**ACTION ITEM**
For the material below, return exactly the lines starting at the line containing "Scott Pruett speaks" and ending at the line containing "2017 Volkswagen Golf", both ends included, and no others.

(Beginning of INPUT MATERIAL)

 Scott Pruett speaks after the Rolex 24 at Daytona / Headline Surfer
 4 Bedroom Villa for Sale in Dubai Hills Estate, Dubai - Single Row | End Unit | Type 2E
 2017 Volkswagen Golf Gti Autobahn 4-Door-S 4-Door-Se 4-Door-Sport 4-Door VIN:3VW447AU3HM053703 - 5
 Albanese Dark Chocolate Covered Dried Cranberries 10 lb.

(End of INPUT MATERIAL)
(Beginning of INPUT MATERIAL)

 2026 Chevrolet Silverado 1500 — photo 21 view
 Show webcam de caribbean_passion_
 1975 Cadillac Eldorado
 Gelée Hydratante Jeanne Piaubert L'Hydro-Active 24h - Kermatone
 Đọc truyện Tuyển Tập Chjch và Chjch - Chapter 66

(End of INPUT MATERIAL)
(Beginning of INPUT MATERIAL)

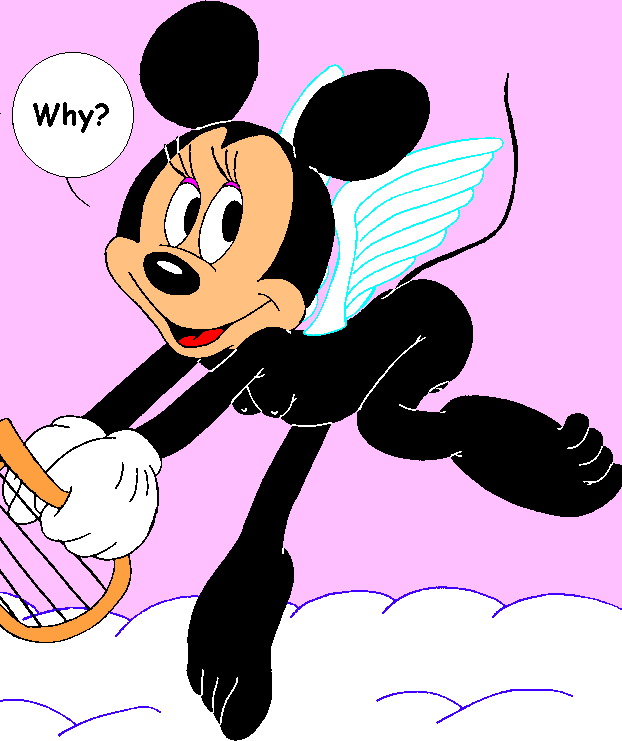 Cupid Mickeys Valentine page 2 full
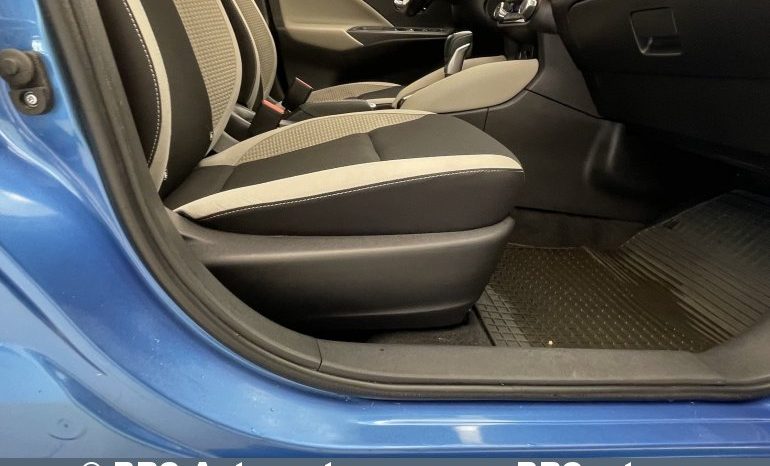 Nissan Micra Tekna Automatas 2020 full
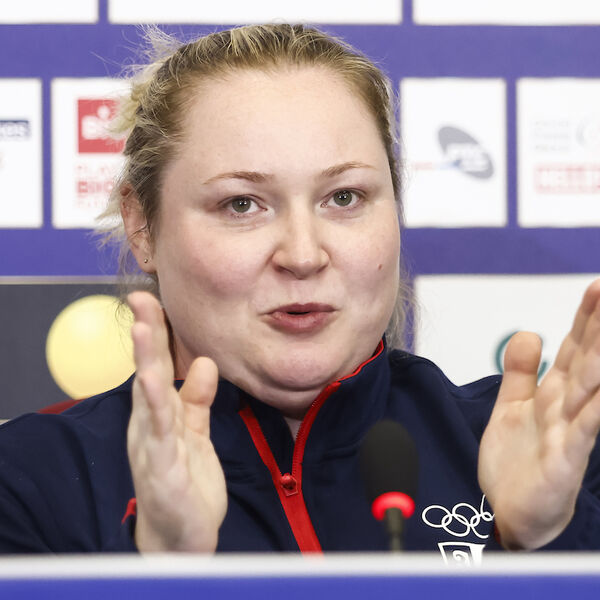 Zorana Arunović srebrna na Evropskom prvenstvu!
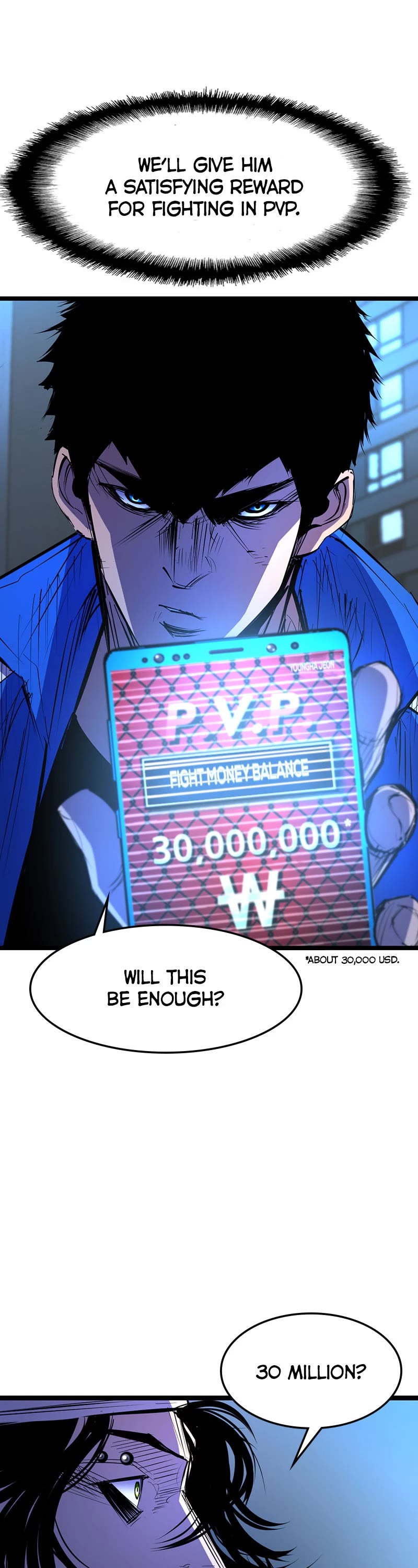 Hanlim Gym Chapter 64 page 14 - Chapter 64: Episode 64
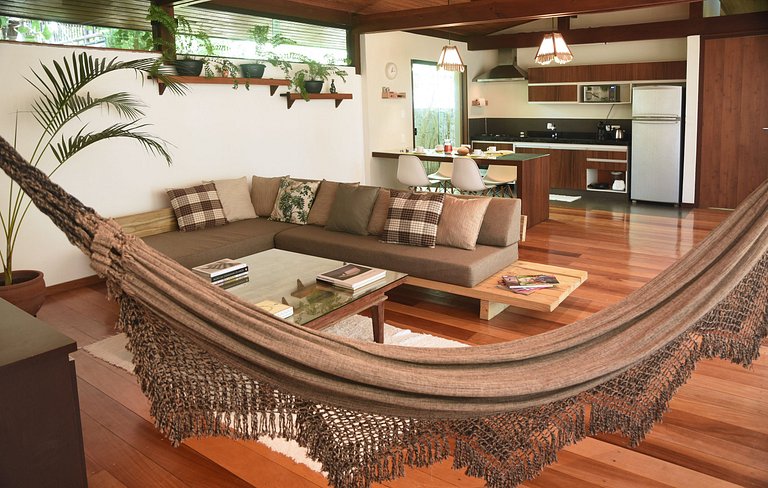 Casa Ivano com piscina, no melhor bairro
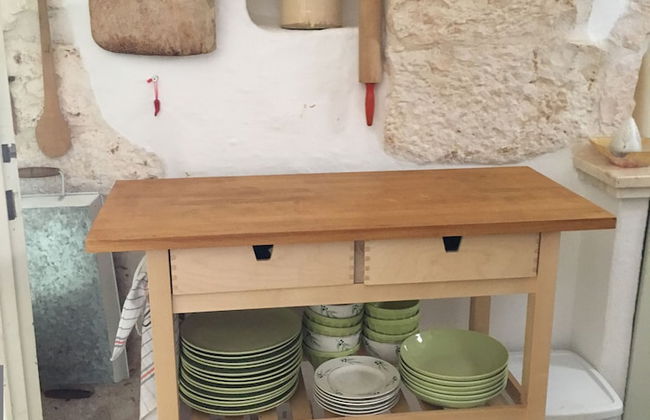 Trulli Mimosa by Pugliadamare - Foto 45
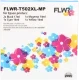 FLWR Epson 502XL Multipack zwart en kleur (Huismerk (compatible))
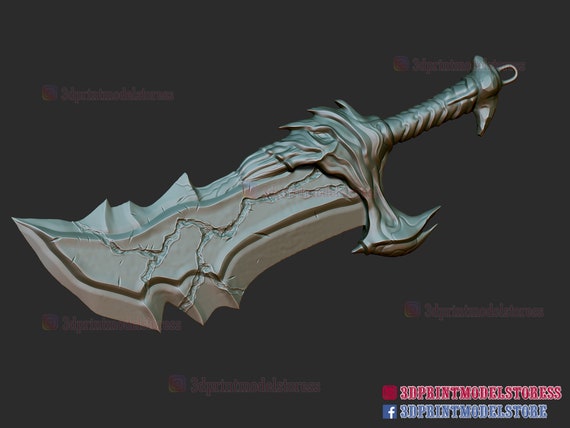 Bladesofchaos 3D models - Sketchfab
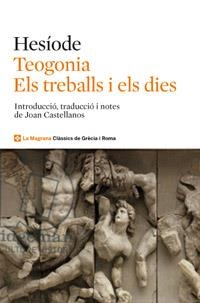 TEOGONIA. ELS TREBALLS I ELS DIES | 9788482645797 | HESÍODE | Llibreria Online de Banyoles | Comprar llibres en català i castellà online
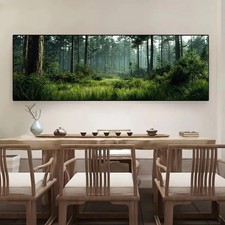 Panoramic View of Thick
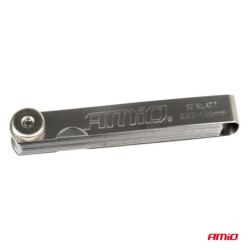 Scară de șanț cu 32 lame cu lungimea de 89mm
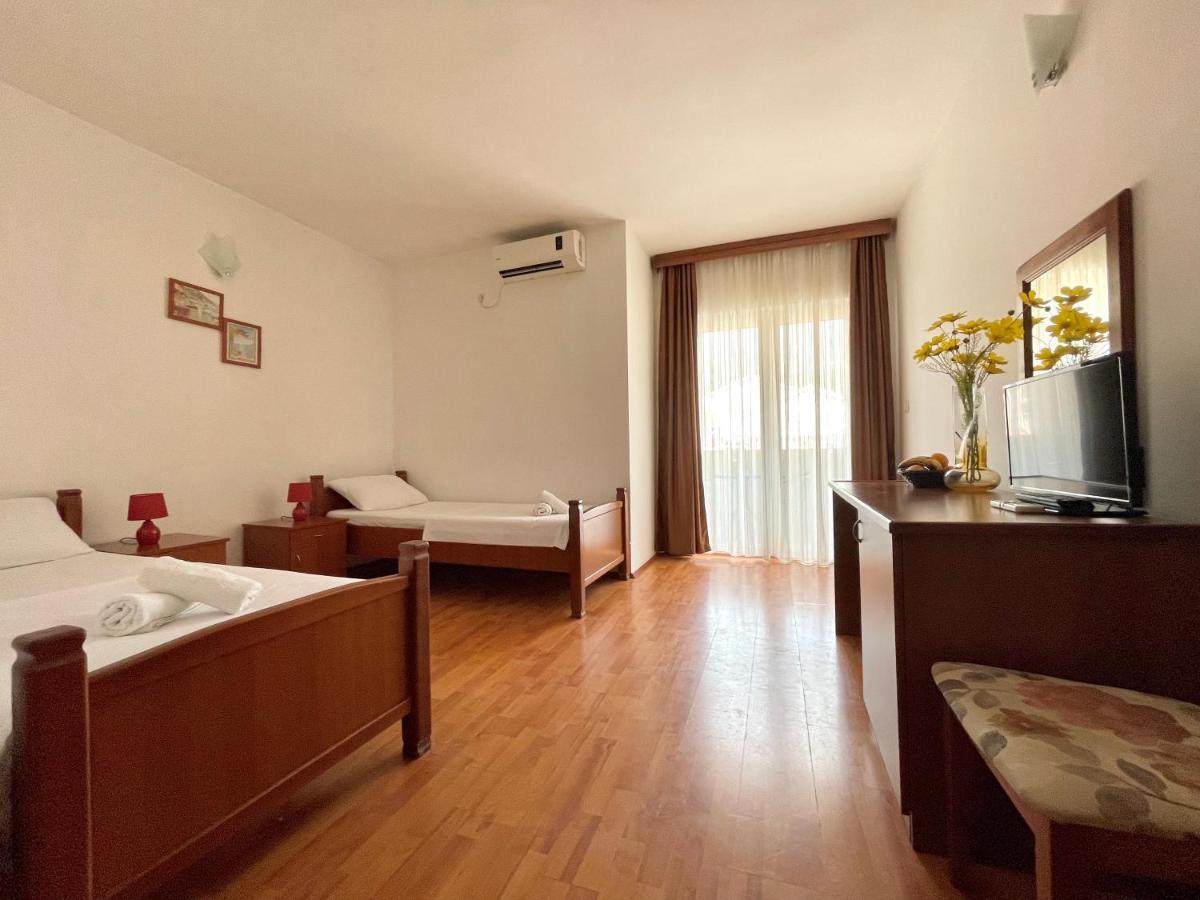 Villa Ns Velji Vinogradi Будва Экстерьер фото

(End of INPUT MATERIAL)

**EXERCISE ANSWER**
 Scott Pruett speaks after the Rolex 24 at Daytona / Headline Surfer
 4 Bedroom Villa for Sale in Dubai Hills Estate, Dubai - Single Row | End Unit | Type 2E
 2017 Volkswagen Golf Gti Autobahn 4-Door-S 4-Door-Se 4-Door-Sport 4-Door VIN:3VW447AU3HM053703 - 5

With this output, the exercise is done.